As she met his eyes, she was sure the emotion in them wasn’t the pity she expected. “She’s your girlfriend.”
“Not for much longer. That crap outside, there’s no need for it. You’re a good person, Cassie, you don’t deserve that treatment.”
“I appreciate it. It’s par for the course with Vicki though, she’s been doing that for years.”
“Oh? I guess she hasn’t done it in front of me otherwise I would have said something before now.”
“Patrick, you’re a nice guy. You always have been. This is my life. Tonight would never have been any different.”
It was as if he saw her for the first time, really saw her. A lump formed in Cassie’s throat, and she found herself unable to take her eyes off him. She closed her eyes sure she had to be imagining things. There would never be anything between them.
“Do you remember when we were kids, Cassie? We hung out all the time. Whatever happened to that?”
“We grew up, Patrick. Once we got old enough to realise there were pretty big differences between boys and girls, that was it.”
“I always knew though. You were always special to me, Cass.”
He hadn’t called her that in years. The familiarity made her warm inside.
“I appreciate that. Your friendship meant a lot.”
“Whatever happened to us?” His tone was sad, and her stomach did that flip thing again.
“I told you, Patrick, we just got older. It is what it is.”
“I’m sorry that’s what it is then.” He pulled her tight into him. For the first time, she pressed up against this man she had loved since she was a girl. His eyes searched hers for something. But what?

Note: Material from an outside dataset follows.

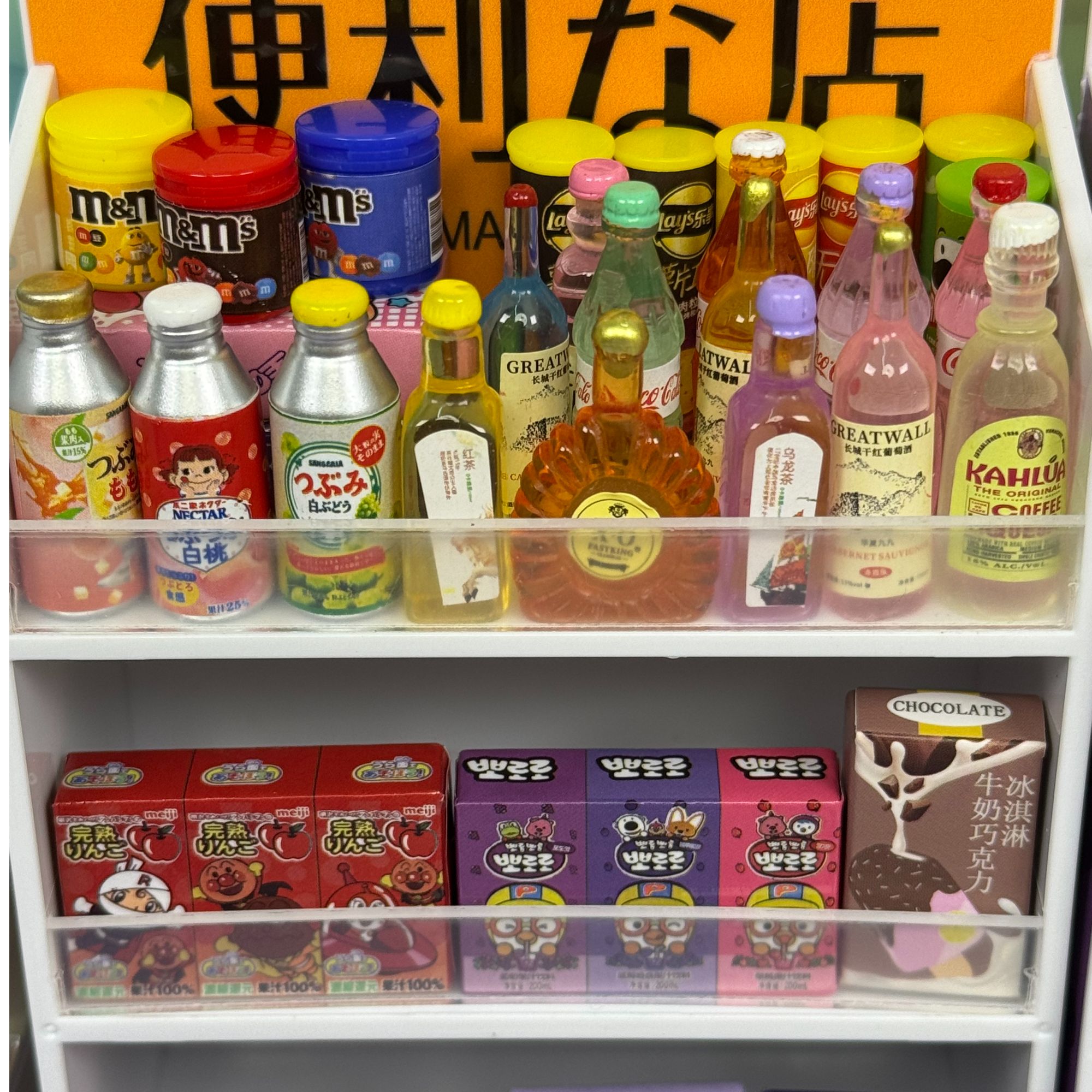 非酋大作战DIY微缩小玩具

Vicki came barrelling towards them. “Your pity dance is over, Patrick, you can come dance with me now.”
Letting go of Cassie, he turned to Vicki. “Cassie is an old friend, and I care about her no matter what you say. I’m going to walk her to her car if she still wants to, and then we’re going to talk.”

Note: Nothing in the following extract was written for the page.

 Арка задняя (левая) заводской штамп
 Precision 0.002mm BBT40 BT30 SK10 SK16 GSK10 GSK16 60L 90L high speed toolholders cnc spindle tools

“Good. I’ve got a few things I want to say to you.” She glared at Cassie before walking away.
“I’m still going,” she said.
“That’s a shame. I’ll make sure you get to your car okay.”
“Thank you, I appreciate it.”
Patrick walked beside her out to the car. Once in, she wound the window down as he stood beside the car. He leaned over, peering in. “You know I wish I was coming with you. I hate this crap.”
“You mean the dance?”
“The only reason I am here, is because the principal insisted on it.”
“Same. If you want a lift home, I’d be happy to take you.”
He frowned. “I need to deal with a few things tonight. We’ll talk soon though, Cassie, I promise.” He stood to walk away.